Bung Karno Doyan Ikan Asin, Sayur Asam, dan Sambal
A
A
A
Di balik kebesaran namanya, ternyata Presiden RI pertama, Ir Soekarno, merupakan sosok yang sangat sederhana. Hidupnya, jauh dari kesan glamour dan kemewahan.
Kali ini, Cerita Pagi akan mengupas beberapa hal tentang makanan, minuman, dan gaya berpakaian Bung Karno dalam kesehariannya.
Kalau makan di istana misalnya, dia hanya menggunakan tangan, tidak memakai sendok dan garpu. Ini kebiasaannya yang dilakukan sejak dulu, terutama jika makan bersama keluarga.
Nasinya pun hanya satu mangkok kecil. Yang paling digemari sayur lodeh, sayur asam, dan telur mata sapi. Selain itu, ikan asin goreng dan sambal.
Sambalnya pun harus tetap berada di cobek. Dia tidak suka, jika sambalnya ditaruh di piring kecil (tatakan). Benar-benar menu rakyat biasa. Dia juga penyuka kopi tubruk, sayur daun singkong, sawo, dan pisang.
Kalau pagi, suka minum kopi tubruk. Resepnya, satu cangkir diisi dengan satu sendok kopi dan satu setengah sendok gula.

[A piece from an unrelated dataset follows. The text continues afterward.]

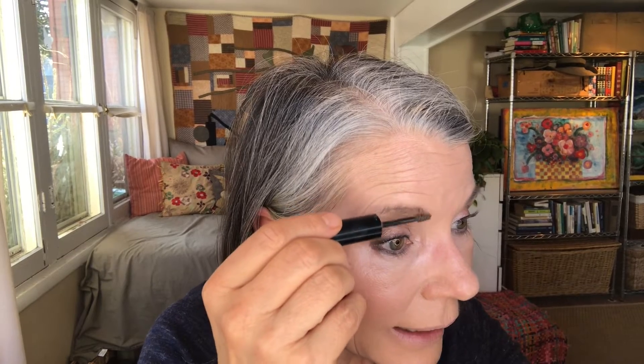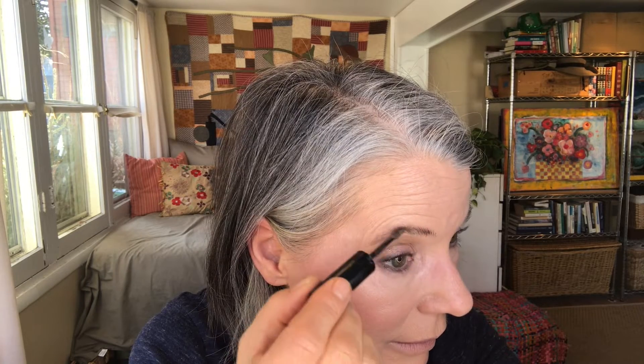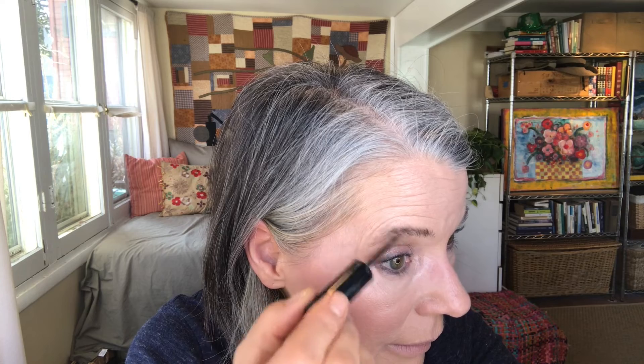Eyeliner done, eyeshadow done. For eyebrows I really like this CoverGirl Easy Breezy Brow — it has pretty much replaced my Gimme Brow for a fraction of the cost. I think this is $6 and Gimme Brow is in the $20-some range. This is a thickening and darkening brow mascara — it helps fluff them up. Many days that's all I need.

Sarapannya, tempe goreng atau roti bakar dan dua sendok teh madu tawon, telur ayam mata sapi. Setelah selesai makan, Bung Karno selalu merokok satu batang rokok States Express (“555″).

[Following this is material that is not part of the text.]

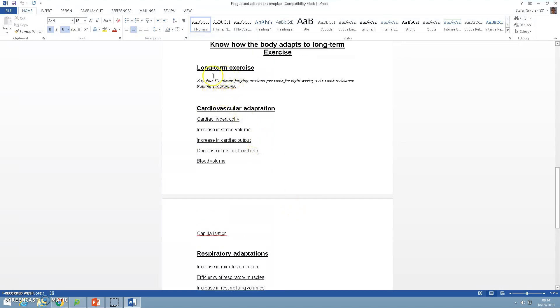You just need to introduce the actual topic here — suggest how if you undertake a purposeful and well-planned exercise program, your cardiovascular system and all the systems will adapt over time and you'll become fitter and more able. The extent of these changes will depend on the type of exercise you do, the intensity, the frequency of exercise undertaken, and the overload achieved. For example, four 30-minute jogging sessions per week for 8 weeks, or a 6-week resistance training program.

Suatu hari, seusai jalan-jalan di Istana Merdeka, Bung Karno mengajak Letnan Soetikno, salah seorang pembantu ajudan presiden, dan Mangil, ikut makan pagi. Menunya sangat sederhana. Bung Karno makan satu mangkok kecil nasi, sayur daun singkong, sambal, dan ikan asin goreng.
Buahnya sawo dan pisang. Dia akan pakai tangan, sedang Letnan Soetikno dan Mangil pakai sendok dan garpu. Minumnya hanya teh. Sambalnya ditaruh di cobek, lengkap dengan muntu (ulegannya).
Kalau minum manis, Bung Karno tidak mau pakai gula, tapi sakarin. Dia juga suka makan sate ayam di Pantai Tanjung Priok bersama putra-putrinya.
Kalau pergi ke rumah makan, terutama RM Tungkong di Menteng (sekarang namanya RM Cahaya Kota), Bung Karno senang mi goreng, nasi goreng, ayam goreng, atau sate ayam.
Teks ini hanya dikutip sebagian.